Ask HN: Tech Managers, how do you keep up with the latest tech? - somtum
You&#x27;re busy managing&#x2F;leading your team during work hours. How do you find the time to keep up with the latest tech? Do you code in your spare time?
======
cookiecaper
I question the premise. What does it mean to "keep up with the latest tech"?
People trying to "keep up" and get the latest buzzword as a feather in their
cap has caused a roaring avalanche of stupidity in this industry over the last
decade.

Ultimately the corporate entities hiring these buzzword-happy pretenders end
up paying the price. If a manager cares about using reliable tools to do a
good job for his employer, how does "keeping up with the latest tech" serve
that end?

------
xstartup
My managers use Hype to figure out what's latest. That's the only thing they
know, chasing the hype is what they call it.

------
muzani
It's actually a lot easier to keep up with tech as a leader than developer.
Devs are deep in tech and usually only have time to improve on what they know
instead of picking up a new framework.

Managers don't have the space to focus on something, but their job is to
simply be available to communicate and handle the overhead. They can even
justify experimenting with new tech as part of the job.

------
matt_s
Simple trick: you are a manager and probably spend > 50% of your time in
meetings. Schedule yourself some meetings to spend time keeping up with tech.

I also found when I was a manager that there are some natural downtimes that
occur when a lot of PM's or your peers are out, take advantage of those
intervals since you'll have less meetings.

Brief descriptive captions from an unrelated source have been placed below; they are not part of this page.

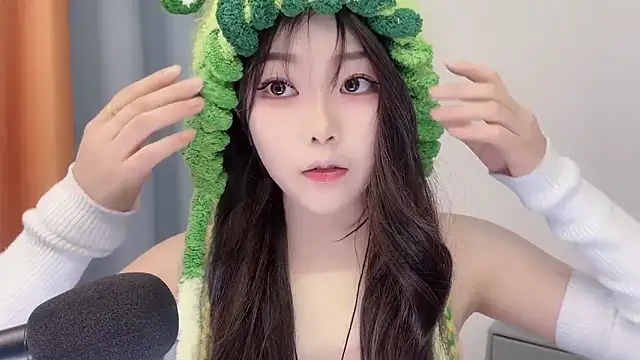 smalldaisy online show from 02.01.26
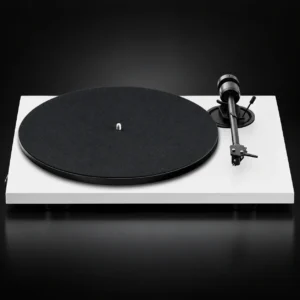 Pro-Ject E1.2 Phono Pick It MM E, белый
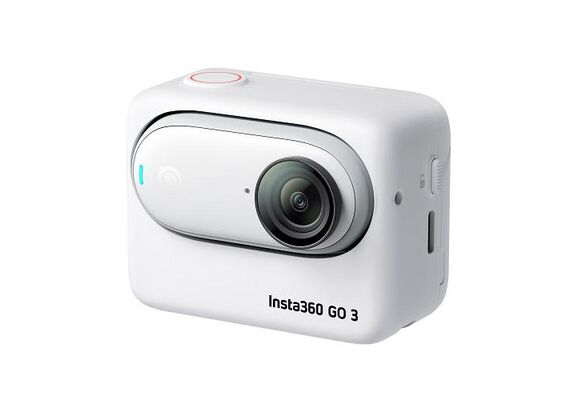 Insta360 GO 3 64GB - Branco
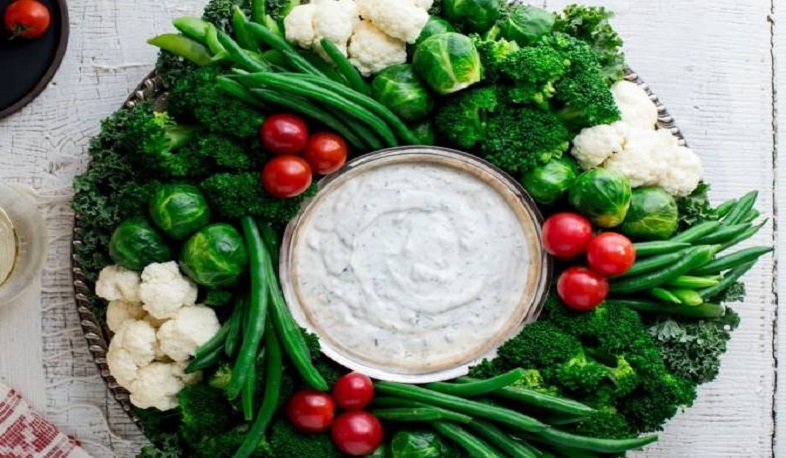 Ինչպես առողջ սնվել տոնական օրերին. խորհուրդներ առողջապահության նախարարությունից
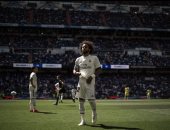 حصاد مارسيلو مع ريال مدريد قبل انطلاق موسمه الـ14.. فيديو 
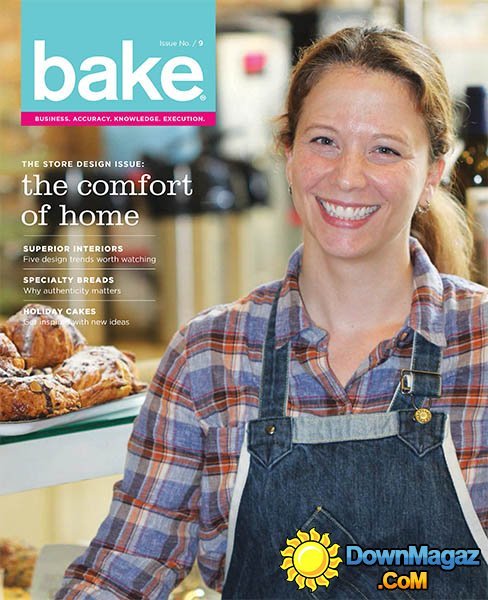 bake USA - October 2015 bake USA - October 2015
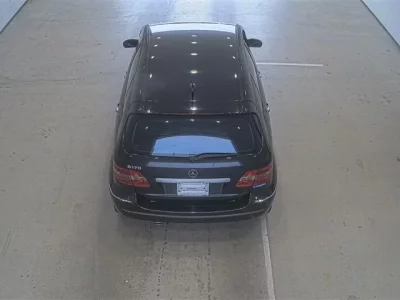 Mercedes-Benz B CLASS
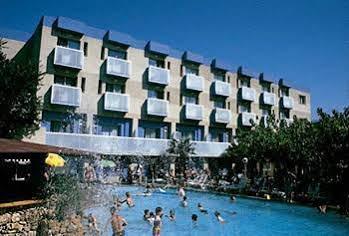 Villamarina Club Hotel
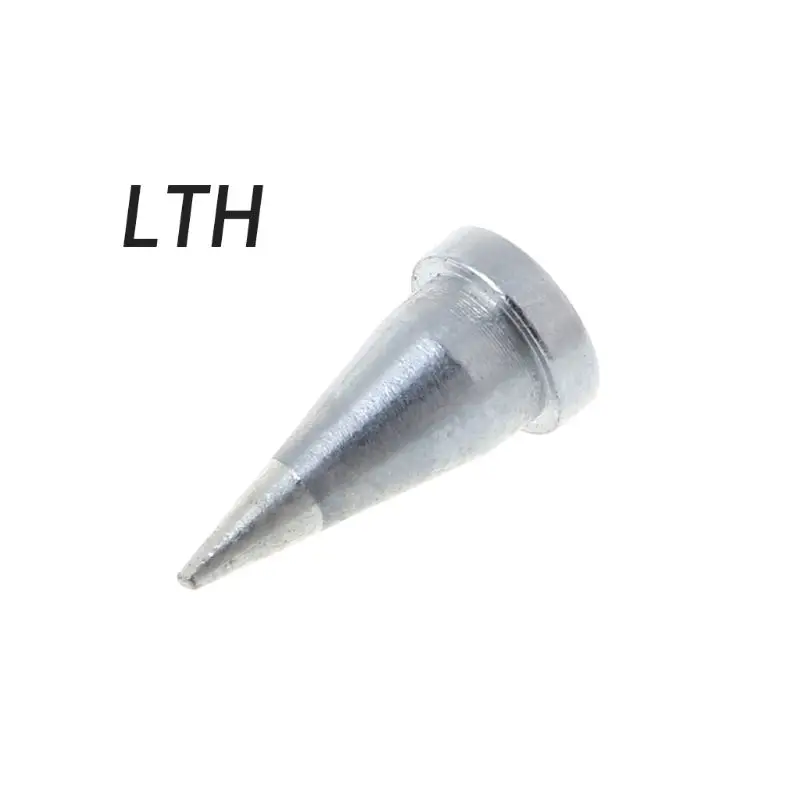 Series Soldering Iron Tip Lead-Free Solder Tips Welding Head Soldering Tools Metal Made Used for WP80 WSP80 Durable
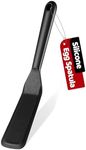 Egg Spatula is Heat Resistant Non-S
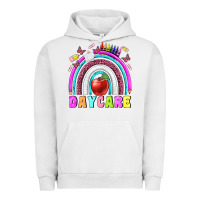 Daycare Urban Hoodie | Teevron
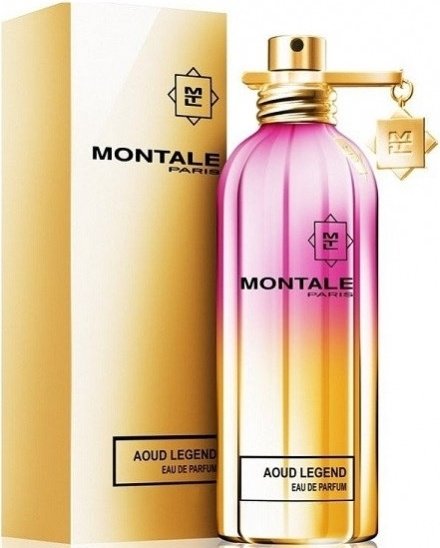 MONTALE Aoud Legend парфюмерная вода EDP 50 мл, унисекс - ForteMarket MONTALE Aoud Legend парфюмерная вода EDP 50 мл, унисекс купить,29890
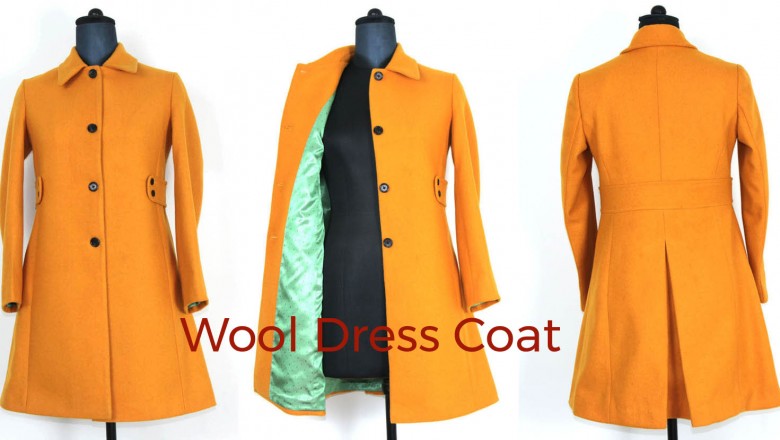 Things You Should Know Before Buying A Wool Overcoat This Season!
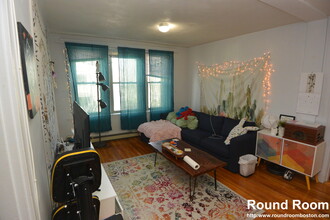 24 Ransom Rd, Unit 6 in Boston, MA - Building Photo - Building Photo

Also also, tech doesn't change that quickly. You can probably get to a level
of understanding of some new tech by just reading up on it. This is just to
understand if it is applicable to your area w/o having to go through the
download/config/install/frustration loop.

------
dbish
I still try to spend some time coding during the week on work related items
(small tasks with time set aside once a week) and code in my spare time on my
own projects. I don't know if I'm able to "keep up" with the latest, but I am
able to dive into areas of interest.

------
bsvalley
You mean busy going to meetings? Yeah it takes most of my time. Leading the
team is an on-demand thing... Though I don’t code anymore, I simply keep up
with the latest technologies without coding. Simply read tech forums, news,
etc. I think architects can teach us a lot more on that. They keep up with the
latest tech and they don’t code anything.

------
bryan11
Prioritize time carefully, read, and stay in tech. Use agendas to control and
limit meeting time. Work with tech at a high level involving architecture and
directions, then hand off sub-projects to your direct reports.